“Since the conference, we've been systematically talking to dealers about the program, explaining how it works, explaining their role, explaining why we did it,” he said. “As we leave those meetings, that's where we're getting our sign-ups.”
Though new installers are coming on board at a consistent clip, the news of Goodyear's plans for online tire sales brought quick and very mixed reactions from its dealer base.
Tom White, co-owner of Northeast Ohio's Dawson Industries Inc., which does business as Tire Source, said he is supportive of the change.
“I think Internet tire shopping, in my opinion, is going to happen whether we want it to or not,” he told Tire Business. “My take is, ask the video stores and the book stores, the ones that didn't see it coming.
“I think we're in a better position because we're going to be able to do the service, because (consumers) need a place to get the tires installed and to do the alignments and get the oil changes and all of that,” he added. “It's not a bad thing for dealers as long as manufacturers handle it correctly.”
Mr.
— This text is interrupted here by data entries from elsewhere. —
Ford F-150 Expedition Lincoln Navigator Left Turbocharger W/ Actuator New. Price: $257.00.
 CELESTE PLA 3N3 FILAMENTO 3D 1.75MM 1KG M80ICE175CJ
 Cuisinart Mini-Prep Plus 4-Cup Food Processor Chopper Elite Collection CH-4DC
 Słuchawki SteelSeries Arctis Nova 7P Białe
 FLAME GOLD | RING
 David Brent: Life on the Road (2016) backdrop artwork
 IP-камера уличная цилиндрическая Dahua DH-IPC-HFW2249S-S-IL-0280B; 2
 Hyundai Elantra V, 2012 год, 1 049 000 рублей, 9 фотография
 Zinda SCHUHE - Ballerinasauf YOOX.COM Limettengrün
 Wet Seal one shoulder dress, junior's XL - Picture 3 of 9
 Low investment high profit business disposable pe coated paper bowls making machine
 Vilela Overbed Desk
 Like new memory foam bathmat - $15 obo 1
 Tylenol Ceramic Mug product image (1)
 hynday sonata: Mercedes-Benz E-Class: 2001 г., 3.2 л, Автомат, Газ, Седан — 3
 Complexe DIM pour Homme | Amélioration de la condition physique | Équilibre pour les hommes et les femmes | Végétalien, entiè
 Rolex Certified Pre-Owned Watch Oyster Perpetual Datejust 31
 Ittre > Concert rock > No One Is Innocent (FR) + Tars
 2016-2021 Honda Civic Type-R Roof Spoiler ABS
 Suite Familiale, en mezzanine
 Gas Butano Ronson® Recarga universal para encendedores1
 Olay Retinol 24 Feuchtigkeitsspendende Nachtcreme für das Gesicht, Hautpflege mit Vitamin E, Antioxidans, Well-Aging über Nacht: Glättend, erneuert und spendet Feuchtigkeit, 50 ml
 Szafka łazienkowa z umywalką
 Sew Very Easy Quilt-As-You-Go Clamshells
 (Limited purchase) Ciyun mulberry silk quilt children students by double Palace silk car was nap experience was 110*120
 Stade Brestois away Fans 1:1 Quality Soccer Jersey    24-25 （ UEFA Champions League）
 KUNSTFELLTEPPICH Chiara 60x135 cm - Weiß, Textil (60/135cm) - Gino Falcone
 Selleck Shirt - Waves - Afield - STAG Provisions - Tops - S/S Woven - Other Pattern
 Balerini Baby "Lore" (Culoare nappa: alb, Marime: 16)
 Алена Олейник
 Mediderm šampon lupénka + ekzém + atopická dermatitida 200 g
White said he believes Goodyear's decision will help dealers in terms of cash flow and obtaining new customers, adding that it makes good business sense for the manufacturer, too.
“I have sometimes wondered about the manufacturers putting all their eggs in just a few baskets, giving up their distribution to wholesalers,” he said. “This is a way to kind of get some of that distribution back. Even though they still use the wholesalers to push (tires) out, there's more control this way.... I see the logic behind it.”
Not everyone sees the change largely as a positive.